Add a tweak that will create declarations for all its base classes unimplemented pure virtual methods.

Depends on D95231

Diff Detail

Event Timeline

njames93 created this revision.Jan 18 2021, 8:41 PM
njames93 requested review of this revision.Jan 18 2021, 8:41 PM
njames93 updated this revision to Diff 317456.Jan 18 2021, 8:42 PM

Forgot to add the untracked files

nridge added a subscriber: nridge.Jan 18 2021, 11:29 PM
njames93 updated this revision to Diff 317523.Jan 19 2021, 4:27 AM

Update printing policy.

njames93 updated this revision to Diff 317984.Jan 20 2021, 1:02 PM
  • Replace getFinalOverrides for a manual implementation, that method wasn't quite suited to what was needed w.r.t tracking access.
  • Add support for template classes with no dependant bases.
  • Add tests for template classes.
njames93 updated this revision to Diff 318315.Jan 21 2021, 2:15 PM

Split up the code a little more. Fix a few malformed comments.

njames93 added inline comments.Jan 21 2021, 2:17 PM
clang-tools-extra/clangd/refactor/tweaks/ImplementAbstract.cpp
39–41

Is this a good behaviour, or should we still offer the tweak, even knowing that applying it will still result in the class being marked as abstract?

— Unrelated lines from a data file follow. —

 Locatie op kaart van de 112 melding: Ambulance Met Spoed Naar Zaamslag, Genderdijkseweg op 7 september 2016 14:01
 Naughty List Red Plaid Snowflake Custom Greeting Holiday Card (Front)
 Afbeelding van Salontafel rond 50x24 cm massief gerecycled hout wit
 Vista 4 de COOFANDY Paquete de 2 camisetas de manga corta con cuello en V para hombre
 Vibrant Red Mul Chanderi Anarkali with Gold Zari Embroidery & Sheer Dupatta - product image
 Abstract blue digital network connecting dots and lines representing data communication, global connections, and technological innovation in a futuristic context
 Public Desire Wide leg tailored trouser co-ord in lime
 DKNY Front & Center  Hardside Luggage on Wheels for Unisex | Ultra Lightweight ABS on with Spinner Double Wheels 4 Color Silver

Thanks this looks great, and something i've been longing for some time! But I got a couple of questions about the how the interaction is designed (sorry if I missed some high level discussions elsewhere, feel free to just point me in that direction).

  • Why do we just declare methods, rather than defining them too (with dummy bodies) ? This would allow users to move function bodies out-of-line if they want to easily. Also it would enforce them to fill in the bodies, rather than forgetting/skipping some of the methods. (Even more maybe we should take the extra step and offer another action to declare the function inline and define it out-of-line, but I think that could be done iteratively if we see the need)
  • Implementing all (pure) virtuals vs offering a code action for each possible method. It is unfortunate that our existing tweak infrastructure doesn't enable a single tweak to output multiple code actions, but I believe in this case we might achieve a whole lot better UX if we did offer implementing each method one by one, while possibly still suggesting implement "all" overrides or "only" pures. It is still useful in its current form ofcourse, as the user can manually change the declaration into a pure one, or delete it, but it sounds cumbersome if they only want to implement a small subset of all possible pure methods .
  • Acting on non-pure virtuals too, i believe this is also a quite common use case that could benefit a lot of users. but this definitely increases the need for a code action per override.
  • When to trigger? I suppose what you have in the code ATM makes sense (e.g. just on [[class X]] : ... [[{]] [[}]]) but it would be great to spell it out explicitly so that others have a chance to raise concerns. I don't think triggering within the body would be useful though, as users are likely to navigate within class body for various reasons, and spamming them with lots of codeactions at each cursor move is likely to be annoying.
  • When to land this :) we are at the edge of a branch cut, and tweaks are a feature triggered automatically by editors. so any crashes in there are likely to make clangd useless (as they'll persist no matter what). so I believe we should either wait for release cut, and land this afterwards and fixing any crash reports we get until next release, or include it in current release while marking the tweak as hidden so that it will only annoy experimental users.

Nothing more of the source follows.